The crew, the recovery physician, and a recovery technician, along with lunar samples, entered the Mobile Quarantine Facility aboard the recovery ship for transport to the Lunar Receiving Laboratory in Houston.

The CM and Mobile Quarantine Facility were offloaded from the Hornet in Hawaii 00:15 GMT on 27 July. The Mobile Quarantine Facility was loaded aboard a C-141 aircraft and flown to Houston, where it arrived at 06:00 GMT on 28 July.

The crew arrived at the Lunar Receiving Laboratory four hours later. The safing of the CM pyrotechnics was completed at 02:05 GMT on 27 July. The CM was taken to Ford Island for deactivation, after which it was transferred to Hickam Air Force Base, Hawaii, and flown on a C-133 aircraft to Houston, where it arrived at 23:17 GMT on 30 July.

The crew and spacecraft were released from quarantine on 10 August. On 14 August the spacecraft was delivered to the North American Rockwell Space Division facility in Downey, California, for postflight analysis.

All spacecraft systems performed satisfactorily. With the completion of the Apollo 11 mission, the national objective of landing humans on the Moon and returning them safely to Earth before the end of the decade was accomplished.

Conclusions

The Apollo 11 mission, including a piloted lunar landing and surface exploration, was conducted with skill, precision, and relative ease. The excellent performance of the spacecraft in the preceding four missions and the thorough planning in all aspects of the program permitted the safe and efficient execution of this mission. The following conclusions were made from an analysis of post-mission data:

The effectiveness of pre-mission training was reflected in the skill and precision with which the crew executed the lunar landing. Manual control while maneuvering to the desired landing point was satisfactorily exercised.

The planned techniques involved in the guidance, navigation, and control of the descent trajectory were good. Performance of the landing radar met all expectations in providing the information required for descent.

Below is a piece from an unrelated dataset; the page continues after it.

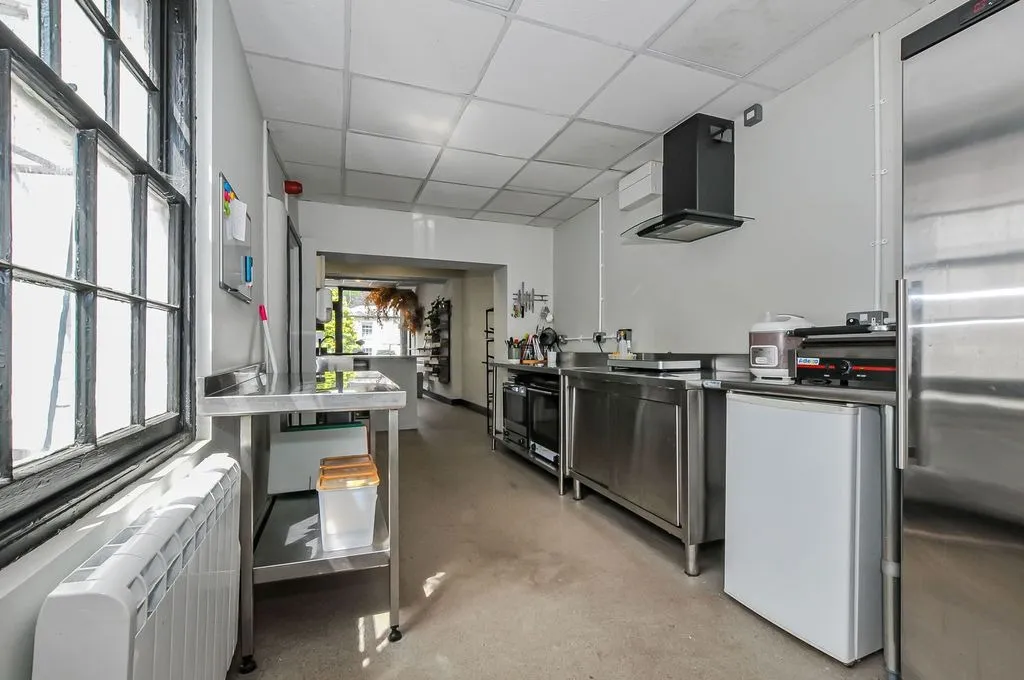 3 bed Terraced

The extravehicular mobility units were adequately designed to enable the crew to conduct the planned activities. Adaptation to 1/6 g was relatively quick, and mobility on the lunar surface was easy.

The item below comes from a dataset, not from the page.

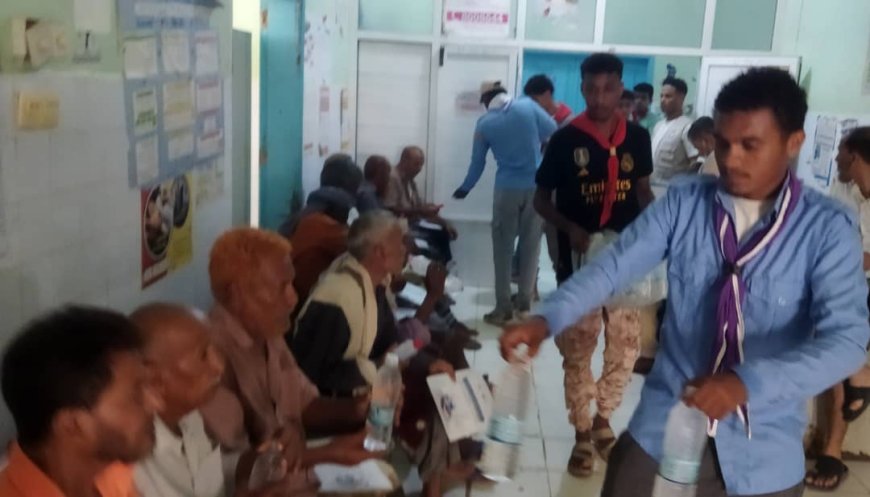بعطاء إنساني وروح كشفية نبيلة.. كشافة أبين تنثر الابتسامة في مخيم العيون بزنجبار وتشيد بالدور الريادي للمنسق العام نظير كندح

The two-person pre-launch checkout and countdown for ascent from the lunar surface were well planned and executed.

The timeline activities for all phases of the lunar landing mission were well within the crew’s capability to perform the required tasks.

The quarantine operation from spacecraft landing until release of the crew, spacecraft, and lunar samples from the Lunar Receiving Laboratory was accomplished successfully and without any violation of the quarantine.

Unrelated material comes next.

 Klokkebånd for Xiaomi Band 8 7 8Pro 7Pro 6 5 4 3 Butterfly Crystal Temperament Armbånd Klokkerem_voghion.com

No microorganisms of extraterrestrial origin were recovered from either the crew or the spacecraft.

Hardware problems, as experienced on previous piloted missions, did not unduly hamper the crew or compromise crew safety or mission objectives.

The Mission Control Center and the Manned Space Flight Network proved to be adequate for controlling and monitoring all phases of flight, including the descent, surface activities, and ascent phases of the mission.

[1] According to the Apollo 11 Mission Report (MSC-00171), postflight analysis revealed that there was 45 seconds of fuel remaining at lunar touchdown, not as little as 7 seconds as indicated by other sources.

[2] Official total in kilograms as determined by the Lunar Receiving Laboratory in Houston.

Apollo 11 Objectives: Spacecraft Primary Objective

1. To perform a manned lunar landing and return. Achieved.

Spacecraft Secondary Objectives

1. To perform selenological inspection and sampling.

A. Contingency sample collection. Achieved.

E. Lunar surface characteristics. Achieved.

F. Bulk sample collection. Achieved.

H. Lunar environment visibility. Achieved.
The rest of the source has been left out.